WORK ITEM —
Reproduce exactly the lines from the one that holds "Sarah Seven Royal" through the last line of the entries, both ends included, but not the pictures.

RECORDS TO USE —
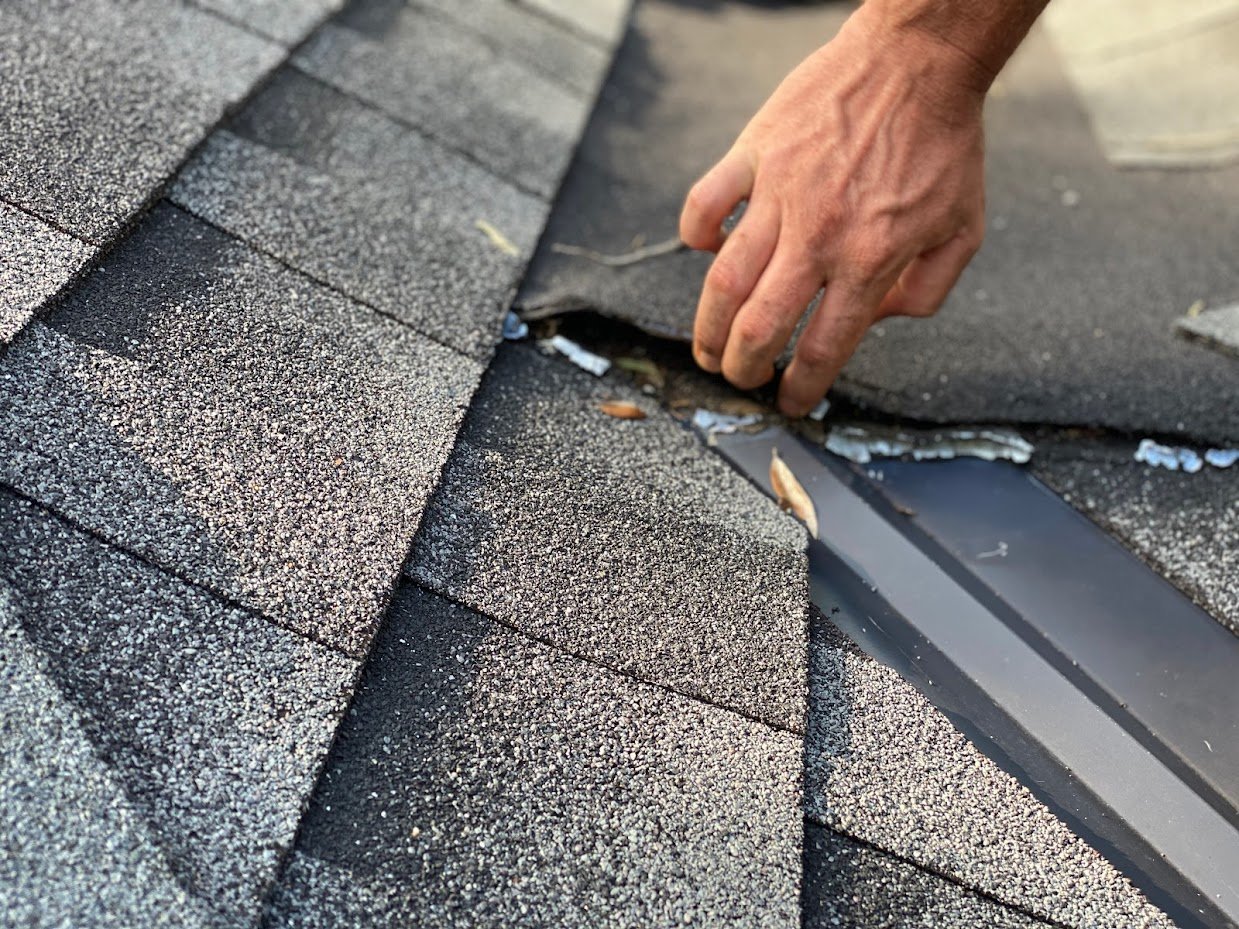 what-does-a-home-inspector-look-for-in-the-roof-checkup-property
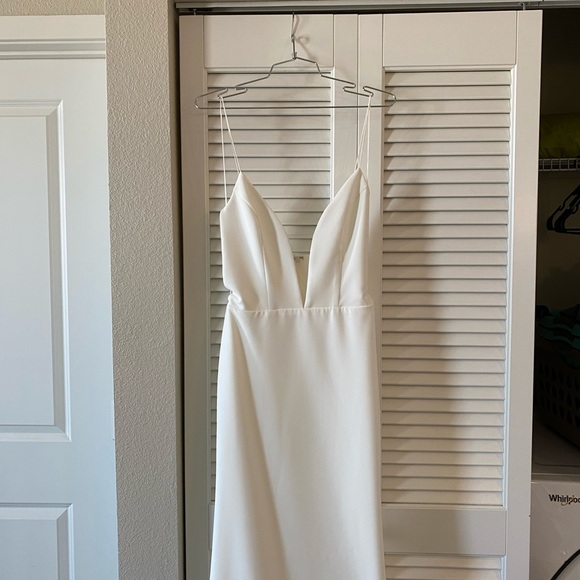 Sarah Seven Royal Wedding Dress Size 2 unaltered. - Picture 5 of 8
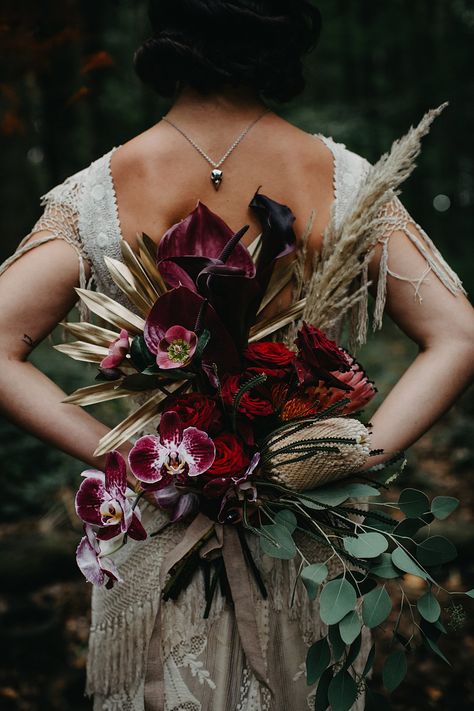 Autumn Wedding Photography, Autumnal Bouquet, Dress Editorial, Autumn Wedding Inspiration, Fall Ceremony, Old World Wedding, Fall Wedding Photography, Styled Wedding Shoot, Festival Bride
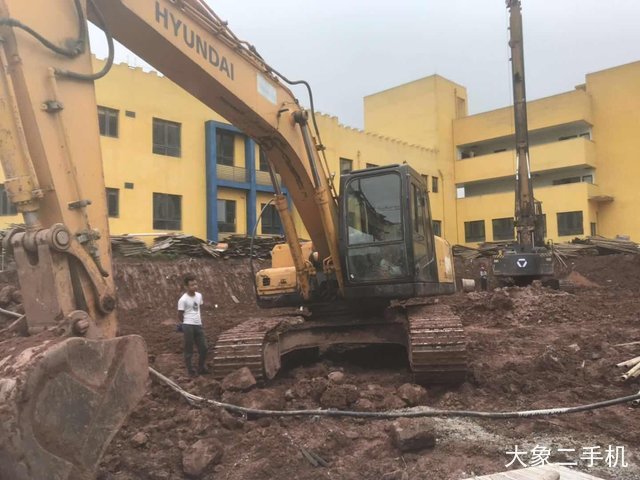 现代 R225LC-7 挖掘机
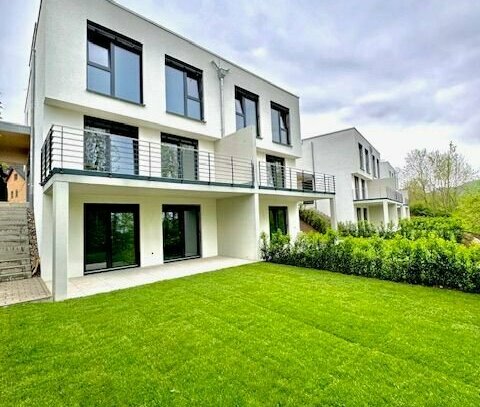 SUPERAKTIONSPREIS - Moderne Doppelhaushälfte an der Lauter mit Dachterrasse und Fernblick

ANSWER TO THE PROBLEM —
 Sarah Seven Royal Wedding Dress Size 2 unaltered. - Picture 5 of 8
 Autumn Wedding Photography, Autumnal Bouquet, Dress Editorial, Autumn Wedding Inspiration, Fall Ceremony, Old World Wedding, Fall Wedding Photography, Styled Wedding Shoot, Festival Bride
 现代 R225LC-7 挖掘机
 SUPERAKTIONSPREIS - Moderne Doppelhaushälfte an der Lauter mit Dachterrasse und Fernblick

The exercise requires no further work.